Required action
Your reply must contain the full listing below, reproduced exactly, but no pictures.

*** Opening of Dataset excerpt ***

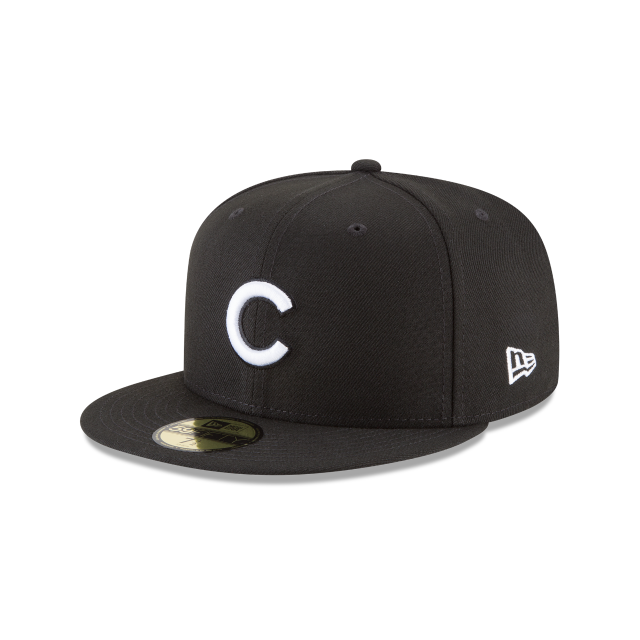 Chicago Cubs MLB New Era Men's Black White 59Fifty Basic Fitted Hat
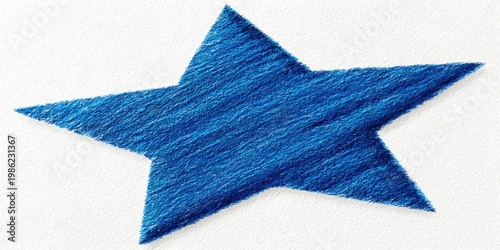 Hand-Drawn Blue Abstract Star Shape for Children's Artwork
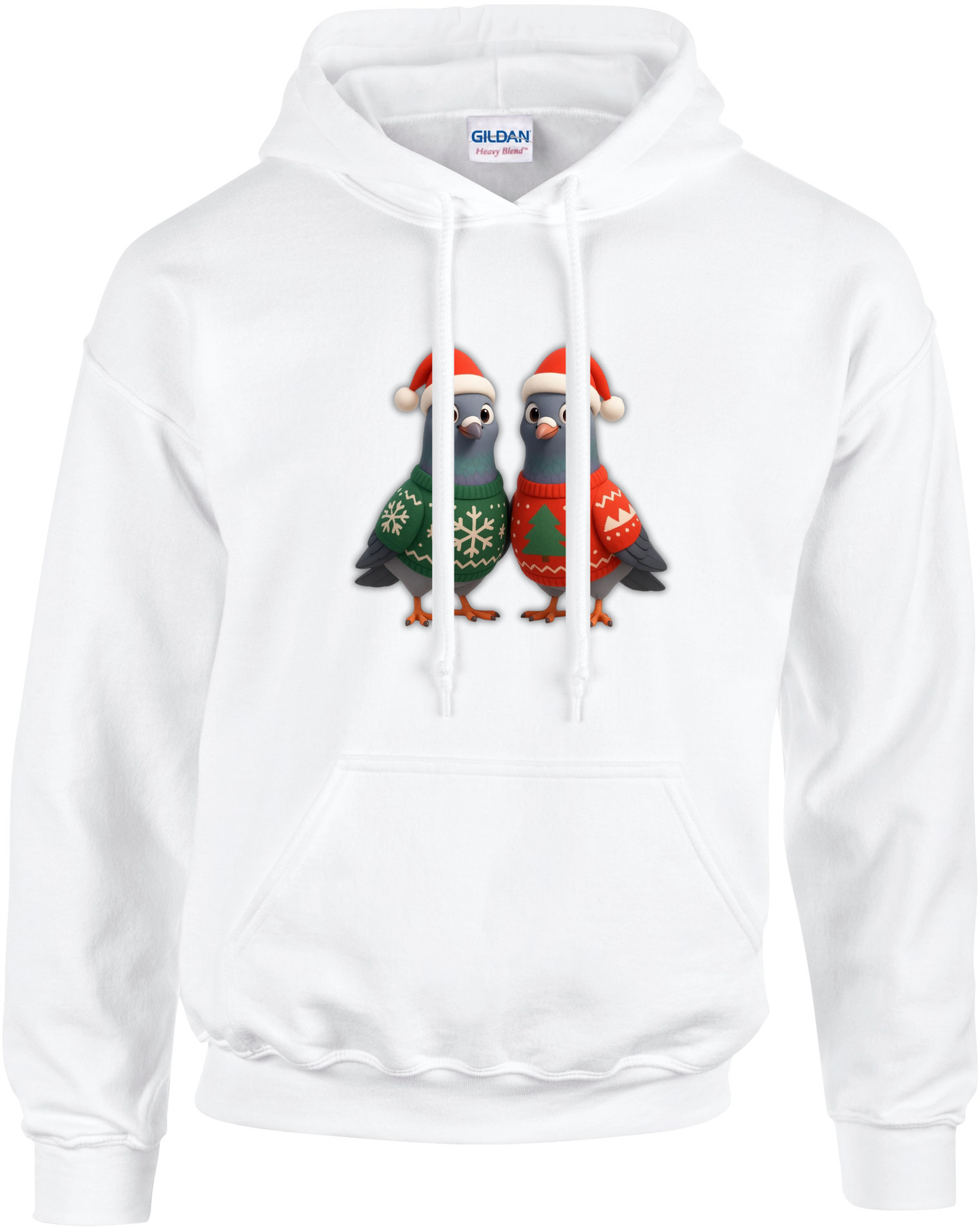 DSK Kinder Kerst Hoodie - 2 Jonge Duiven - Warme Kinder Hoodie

*** Close of Dataset excerpt ***

Solution for this exercise
 Chicago Cubs MLB New Era Men's Black White 59Fifty Basic Fitted Hat
 Hand-Drawn Blue Abstract Star Shape for Children's Artwork
 DSK Kinder Kerst Hoodie - 2 Jonge Duiven - Warme Kinder Hoodie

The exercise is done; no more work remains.